Sleeping on the unaffected side with a pillow hugged in front remains the most reliably comfortable option for most people with shoulder pain. The pillow supports the affected arm, prevents it from rolling forward, and keeps the shoulder in a position that does not require the surrounding muscles to work to hold it in place overnight.

Back sleeping with the affected arm supported on a pillow alongside the body works well for people who find side sleeping uncomfortable.
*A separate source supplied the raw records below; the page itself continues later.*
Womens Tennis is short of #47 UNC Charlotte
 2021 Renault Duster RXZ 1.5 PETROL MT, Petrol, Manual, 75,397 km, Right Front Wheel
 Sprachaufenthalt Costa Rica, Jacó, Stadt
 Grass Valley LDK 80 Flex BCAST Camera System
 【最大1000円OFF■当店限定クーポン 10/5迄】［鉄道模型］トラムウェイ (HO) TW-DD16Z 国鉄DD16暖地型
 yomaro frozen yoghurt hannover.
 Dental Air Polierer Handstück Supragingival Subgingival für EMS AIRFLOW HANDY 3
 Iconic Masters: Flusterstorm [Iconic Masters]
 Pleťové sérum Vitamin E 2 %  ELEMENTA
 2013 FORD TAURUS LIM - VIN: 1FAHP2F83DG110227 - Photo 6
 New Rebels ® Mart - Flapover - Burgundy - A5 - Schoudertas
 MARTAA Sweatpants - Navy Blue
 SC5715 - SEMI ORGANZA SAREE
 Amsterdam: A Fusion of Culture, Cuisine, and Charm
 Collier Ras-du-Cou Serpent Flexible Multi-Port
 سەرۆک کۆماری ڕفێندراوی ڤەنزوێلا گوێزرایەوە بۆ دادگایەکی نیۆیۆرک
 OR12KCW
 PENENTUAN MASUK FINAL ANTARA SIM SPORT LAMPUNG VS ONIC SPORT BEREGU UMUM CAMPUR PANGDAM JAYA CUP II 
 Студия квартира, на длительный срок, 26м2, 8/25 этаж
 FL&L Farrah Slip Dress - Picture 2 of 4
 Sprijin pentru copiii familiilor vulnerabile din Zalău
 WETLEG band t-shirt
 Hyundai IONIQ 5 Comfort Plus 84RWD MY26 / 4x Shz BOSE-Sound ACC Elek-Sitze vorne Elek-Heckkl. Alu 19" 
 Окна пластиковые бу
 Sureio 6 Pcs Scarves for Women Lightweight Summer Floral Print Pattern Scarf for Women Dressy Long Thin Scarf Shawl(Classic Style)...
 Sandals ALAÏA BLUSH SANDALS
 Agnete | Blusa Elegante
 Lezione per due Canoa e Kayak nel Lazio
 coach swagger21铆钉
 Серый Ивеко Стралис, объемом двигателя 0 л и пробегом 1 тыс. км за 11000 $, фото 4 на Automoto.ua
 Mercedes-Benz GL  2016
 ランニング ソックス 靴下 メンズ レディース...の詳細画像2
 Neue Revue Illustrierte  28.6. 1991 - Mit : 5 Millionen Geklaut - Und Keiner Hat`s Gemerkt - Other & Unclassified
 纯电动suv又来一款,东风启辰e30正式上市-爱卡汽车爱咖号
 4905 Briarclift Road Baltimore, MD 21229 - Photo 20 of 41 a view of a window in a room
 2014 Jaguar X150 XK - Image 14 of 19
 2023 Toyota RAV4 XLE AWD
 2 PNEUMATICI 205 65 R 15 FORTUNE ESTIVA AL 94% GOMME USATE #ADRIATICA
The key is ensuring the arm is fully supported so the shoulder muscles are not working to hold it in position through the night.

A small, soft pillow or folded towel placed under the affected shoulder during back sleeping prevents the joint from sinking back into the mattress and being compressed from behind, which some people find significantly reduces overnight discomfort.

Getting up from rest

How the transition from lying or sitting to standing is managed during a painful shoulder episode is worth some attention. Using the affected arm to push up from lying, or pulling through the shoulder to rise from a chair, places a sudden and significant load on the most sensitive area at the moment it is least prepared for demand.

Using the unaffected arm to push up from lying, rolling onto the unaffected side first before sitting up, and using the legs and unaffected arm to rise from a chair reduces the demand on the affected shoulder during these transitions and tends to make them considerably more comfortable.